Finally, from a political point of view, the reconciliation of responsive democracy with responsible democracy was entrusted to the new political actor that dominated the processes of government in the 1900s — the same actor that drives the preferences and aggregates the demands coming from different social groups: the political party. In the last century, the mass political parties, in particular, sought to ensure that these preferences and demands coincided with their own long-term interests and coherent and integrated ideological visions. It was after the Second World War that political parties became, increasingly clearly, the dominant form of both political representation and political leadership, in many cases inheriting the mantle of the bankrupt political institutions of the prewar period. The stalemate equilibrium that characterised the Cold War years made national decision-making processes relatively straightforward, especially when they concerned international issues. The scope of the European economies was still prevalently national, and they were therefore little conditioned by competition and trade on the world markets. There was a high and stable level of cultural homogeneity within the states, a phenomenon that, if anything, had been accentuated by the border changes that were decided at the end of the Second World War. Strong and persistent group identities continued to underlie a high level of similarity in the political behaviours of different groups. Finally, the post-war recovery ushered in a period of unprecedented growth for the national economies; in this setting, an increased and legally defined role of the state in economic planning and control ensured that the national political elites had plenty of room for manoeuvre.

This favourable set of circumstances gave political parties an exceptional and perhaps unique opportunity to promote expansive economic and social policies at national level. The parties, being collective subjects and relatively united both ideologically and socially, became the key players in the political stabilisation of the twentieth century’s rapidly changing societies. The internal discipline of the parties and the models of inter-party competition also provided means of managing the tensions between various phenomena: the electoral process, the representation of sectoral interests, relations between the executive and the legislative, and policy leadership. Political parties, concretely reconciling the function of representation with that of responsibility, became the pillars of democratic stability, without which democracy was not even conceivable.

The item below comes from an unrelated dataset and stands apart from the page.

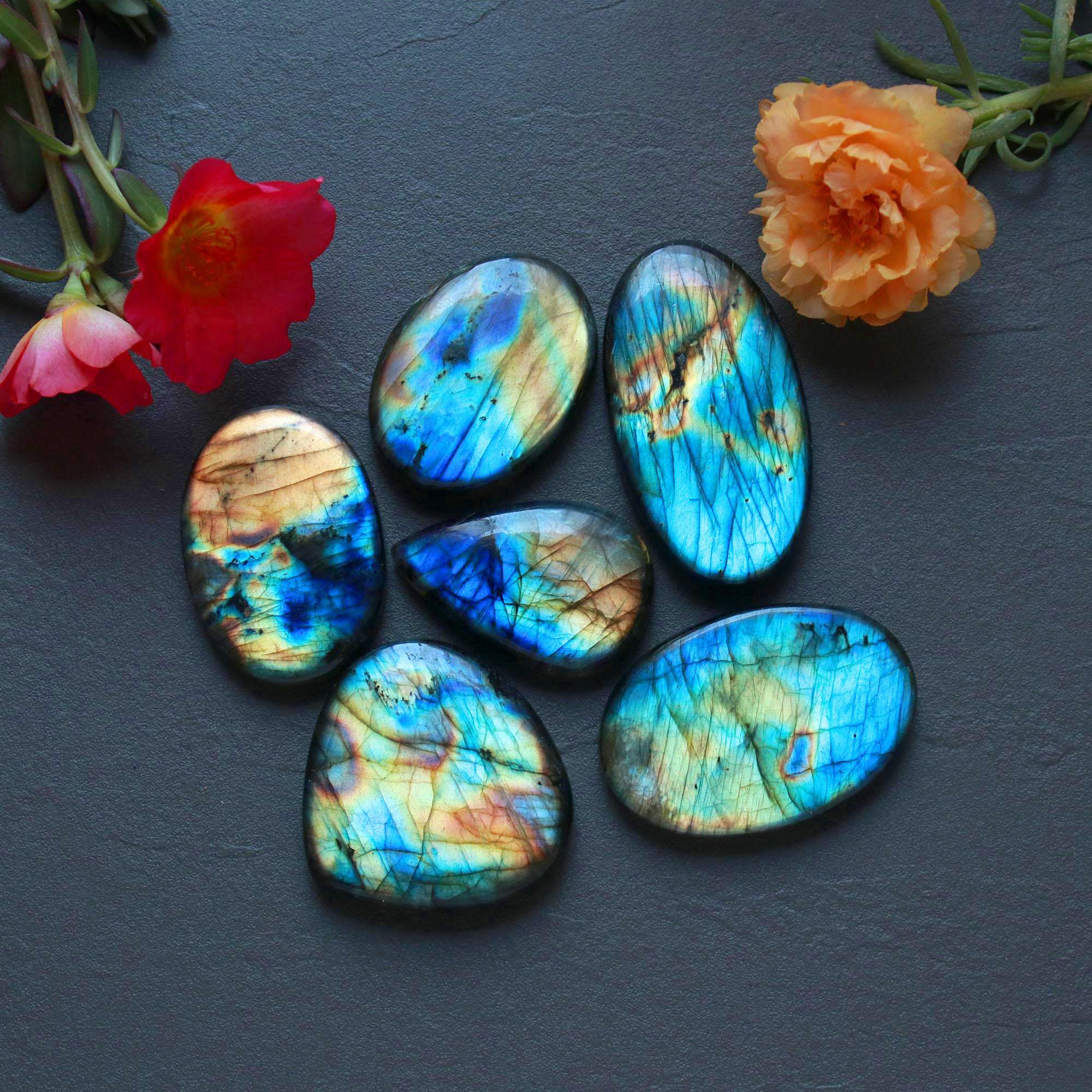 6Pcs 348Ct Natural Labradorite Mixed Shape Cabochon Loose Semi-Precious Multi Fire Crystal Gemstone Lot 43x23 32x23mm 16574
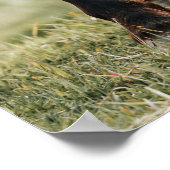 馬かわいらしの写真 ポスター (角)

There can be no doubt that, since the end of the twentieth century, the last two of the three mechanisms that supported the vision of responsible democracy have increasingly found themselves in crisis. On a cultural level, recent developments have increased the individualistic attitudes of citizens and the growing multiculturalism of societies. Together, these two elements have reduced the homogeneity of national culture, profoundly undermined traditional collective identities, and accentuated the tendency of every area of life, including that of political persuasion, to move progressively into the private sphere. Finally, they have accentuated new or previously latent cultural identities that, unlike those of the past, are not historically linked to traditional political parties. All these processes have been strengthened by the development of modern information and communication technologies. Certainly, it was never anticipated that changes in education, communication and technology would be such key factors in eroding the relationship of delegation that, through political parties, linked the elites with the masses.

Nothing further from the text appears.